EXERCISE DIRECTIONS
Retype word for word the stretch of entries below from the line that has "Premier Mateusz Morawiecki" through the line that has "Emblem mosaic vintage", and omit the pictures.

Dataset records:
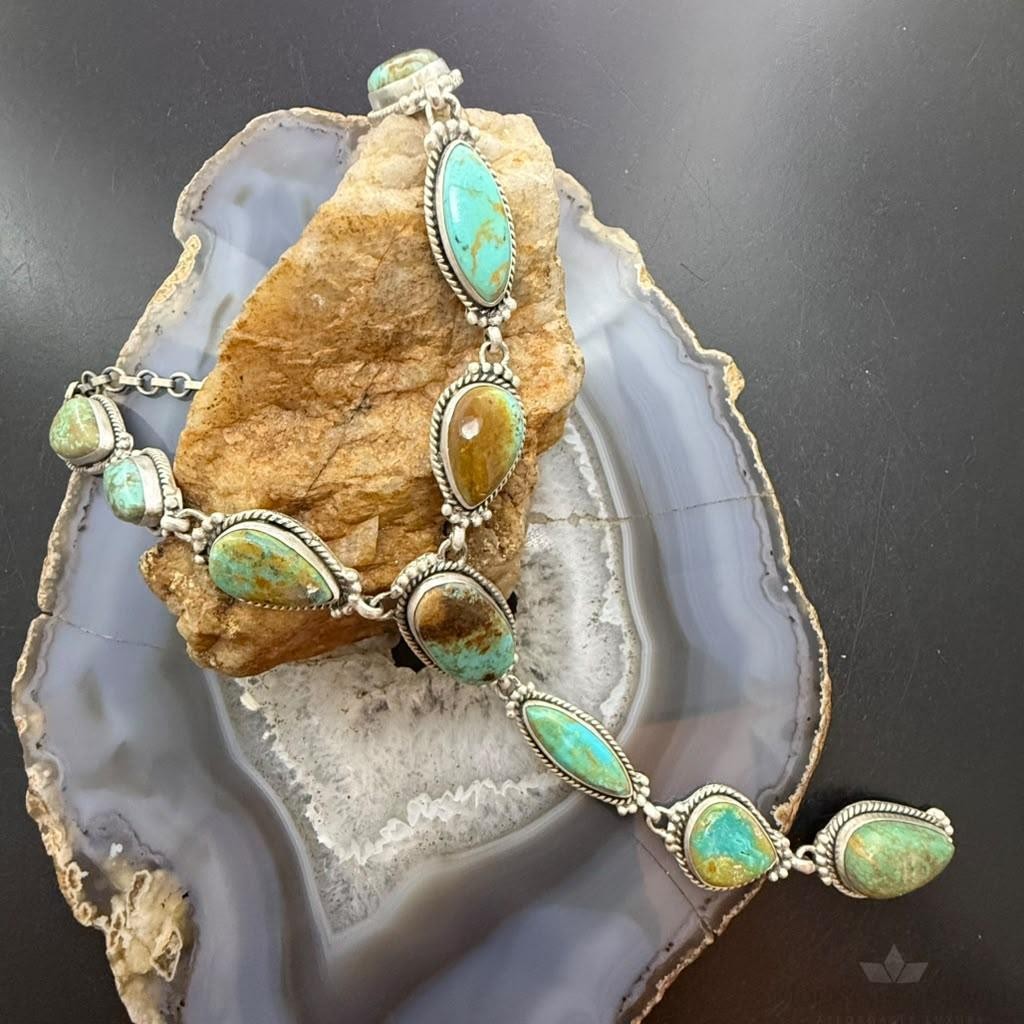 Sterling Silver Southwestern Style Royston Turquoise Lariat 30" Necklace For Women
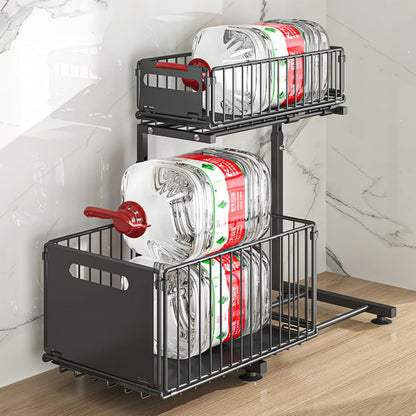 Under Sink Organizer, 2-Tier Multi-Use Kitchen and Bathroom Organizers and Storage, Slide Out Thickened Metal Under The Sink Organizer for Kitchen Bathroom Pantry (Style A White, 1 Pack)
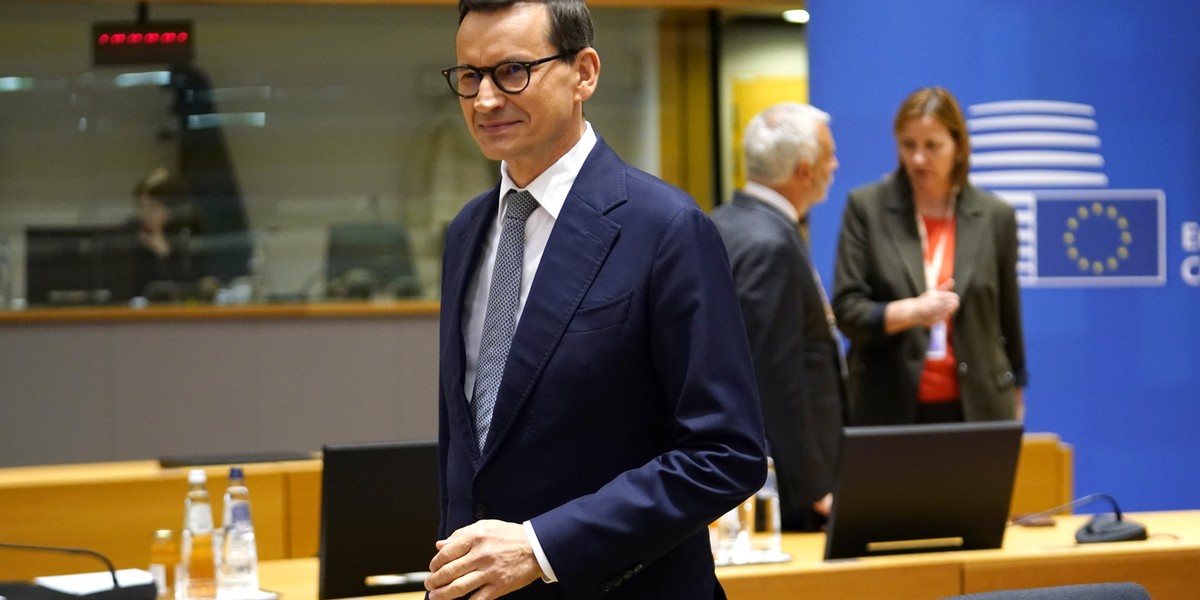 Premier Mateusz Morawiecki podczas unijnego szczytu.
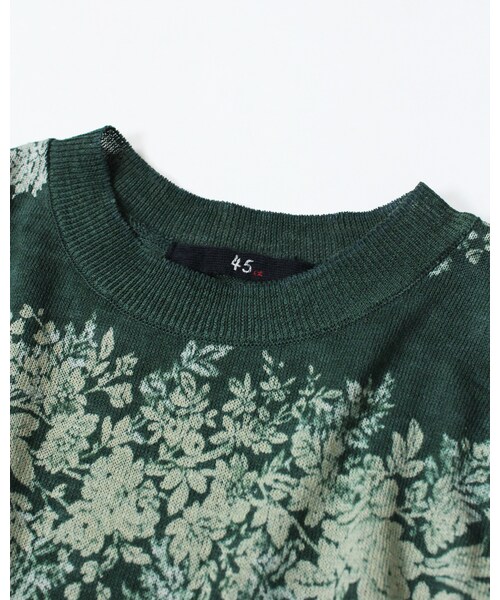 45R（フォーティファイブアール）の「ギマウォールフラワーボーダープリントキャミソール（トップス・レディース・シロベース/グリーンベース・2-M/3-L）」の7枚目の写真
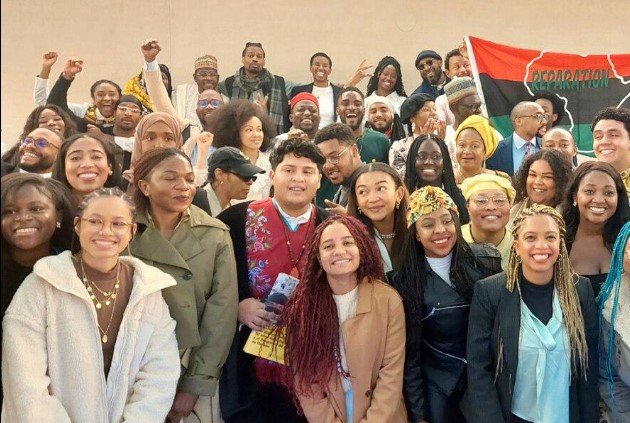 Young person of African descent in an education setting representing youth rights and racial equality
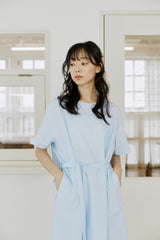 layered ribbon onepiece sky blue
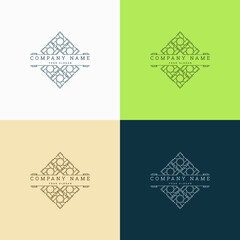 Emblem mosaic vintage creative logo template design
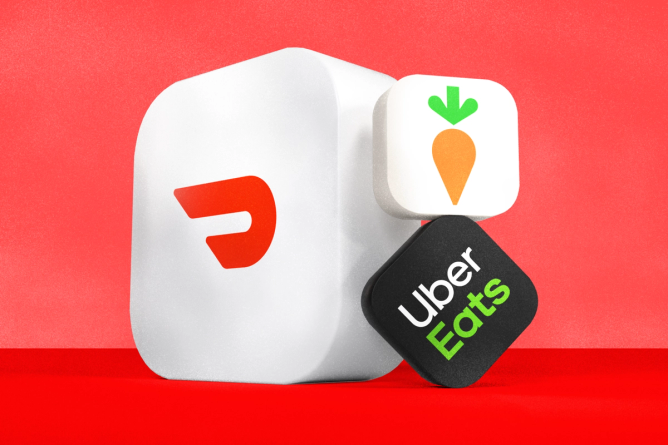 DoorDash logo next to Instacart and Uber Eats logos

ANSWER SECTION
 Premier Mateusz Morawiecki podczas unijnego szczytu.
 45R（フォーティファイブアール）の「ギマウォールフラワーボーダープリントキャミソール（トップス・レディース・シロベース/グリーンベース・2-M/3-L）」の7枚目の写真
 Young person of African descent in an education setting representing youth rights and racial equality
 layered ribbon onepiece sky blue
 Emblem mosaic vintage creative logo template design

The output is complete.